In he HBO TV miniseries Chernobyl, they talk about a cistern holding 7000 cubic meters of water. That is the content of Loch Ness, the deepest lake in the UK. Would the Chernobyl reactor really hold that much water?

  • $\begingroup$ According to wikipedia, Lochness has volume $7.5 \text{km}^3$, not 7500 $\text{m}^3$. One $\text{km}^3$ is cube $1000~\text{m}~\times1000~\text{m}~\times1000~\text{m}$, that is $1~000~000~000\text{m}^3$. $\endgroup$ Jun 8 '19 at 17:50
  • $\begingroup$ @JánLalinský Perhaps convert comment to an answer so we don't have another question hanging without answers. $\endgroup$
    – StephenG
    Jun 8 '19 at 17:53
  • $\begingroup$ A simple google search - is this the purpose of this stack? $\endgroup$
    – user207455
    Jun 8 '19 at 18:11
  • $\begingroup$ Related: How large would the steam explosion at Chernobyl have been? $\endgroup$ Jun 8 '19 at 18:21
  • $\begingroup$ I'm voting to close this question as off topic because it doesn't appear to be about physics. $\endgroup$
    – David Z
    Jun 9 '19 at 3:20

Wikipedia puts the Loch Ness total volume at a total of 7.4 cubic kilometers, not kilo(cubic meters). When expressed in cubic meters, the 'kilo' also gets exponentiated: $$ 1\:\mathrm{km}^3 = 1 \,(1000\:\mathrm m)^3 = 10^9\:\mathrm m^3. $$ This error in your calculation means that you are off by a factor of a million, i.e.

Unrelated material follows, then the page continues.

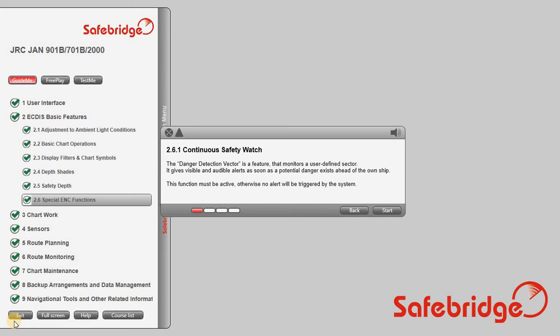Continuous Safety Watch. The danger detection vector is a feature that monitors a user-defined sector. It gives visible and audible alerts as soon as a potential danger exists ahead of the own ship. This function must be active, otherwise no alert will be triggered by the system.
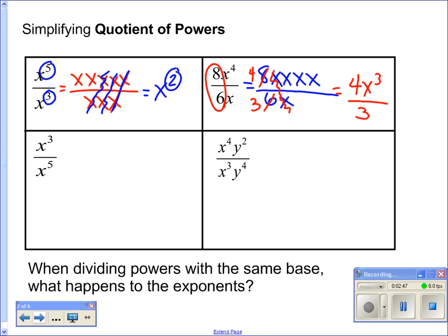I'm interested in the exponents. What were my exponents of my bases? I had x to the fourth and x to the first power — remember, if there's nothing there, put a 1 on it. Is there a relationship between 4, 1, and 3? Hopefully you noticed that 4 minus 1 gives me 3, just as 5 minus 3 gave me 2 earlier.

Loch Ness is 1,000,000 times larger than (the stated size of) the Chernobyl cistern.

Generally, a volume of $V=7,000\:\rm m^3$ isn't all that big. As a rough estimate, take the cubic root, and you'll be left with $$ L = V^{1/3} \approx 20\:\rm m, $$ i.e. it's the volume of a cube with twenty meters to each side. That size is reasonable for a large building, not a large lake.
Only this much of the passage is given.